Pour sa part Nounou Salufa responsable de l’Association pour l’entrepreneuriat Féminin APEF  souligne que cette situation inquiète les femmes qui exercent le petit commerce. « La femme petite commerçante est obligée de vendre ses articles un prix dérisoire. Cela ne la permet pas d’avoir des bénéfices, au contraire elle  travaille à perte suite à la différence du taux de change, cela ne fait qu’accentuer la pauvreté.  Et puis Chacun fixe son taux de change comme il veut sans être inquiété, que le ministère ayant en charge l’économie nous aide à fixer un seul taux qui est identique. Cette situation nous fait souffrir» déplore madame Nounou Salufa .
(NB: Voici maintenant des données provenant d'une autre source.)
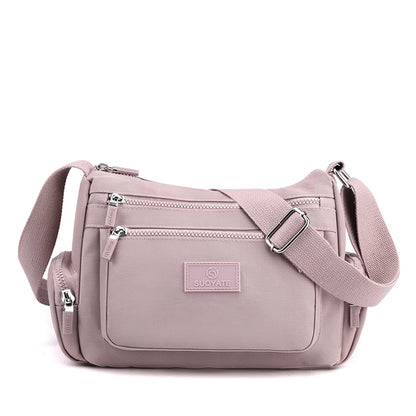 Big Casual Tote Many Pockets Women's Shoulder Bag Waterproof Handbag Travel Crossbody Sac Large Capacity Hand Bags for Lady 2022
Au Sud-Kivu, les femmes qui font le petit commerce et celles vendeuses, la plus part d’entre elles ont un niveau d’étude faible. La majorité n’est pas arrivé en terminale à l’école secondaire c’est-à-dire elles n’ont pas un diplôme d’Etat, d’autres n’ont pas étudiées. Par conséquent, elles ne savent pas faire la comptabilité, elles sont en difficulté de fixer le prix  suite aux taux de change .

La situation est décriée par toutes ces femmes petites commerçantes qui font leurs activités en francs congolais, le matin elles achètent à un taux au soir arrivées au marché, c’est un autre taux qui se remarque, elles sont en difficulté de progresser.

Des recommandations pour un changement

Seul l’Etat est en mesure de sortir le pays dans cette situation de crise économique qui affecte plus particulièrement les femmes fait savoir l’expert économiste Defo Balibuno. Selon lui,  la monnaie c’est une affaire de l’Etat et c’est l’Etat qui a l’obligation de lui donner de la valeur.

« Je demande à tous les congolais de respecter et de faire respecter la monnaie du pays, les opérateurs économiques doivent aussi être consciencieux, ils ne doivent pas hausser le taux de change comme ils veulent » recommande Nounou Salufa de APEF.

Pour sa part, le doyen de la faculté de l’économie de l’UCB estime que c’est important que les dépenses exécutées  au niveau national soient faites à la hauteur des recettes réalisées dans le pays. « Lorsqu’on est dans une économie qui fonctionne normalement et où le niveau des dépenses est  bien calibré sur le niveau des recettes, il est évident qu’il ne peut y avoir d’inflation. Les femmes  qui font leurs petites activités peuvent ainsi travailler en toute quiétude sans craindre la dépréciation monétaire » conclut le professeur Christian Kamala.

De son coté, Nounou Salufa responsable d’APEF appelle les femmes petites commerçantes et vendeuses à la vigilance lors de la fixation des prix lorsque l’inflation est signalée pour qu’elles aient un bénéfice pouvant les aider à maintenir leurs activités et pour la survie de leurs familles.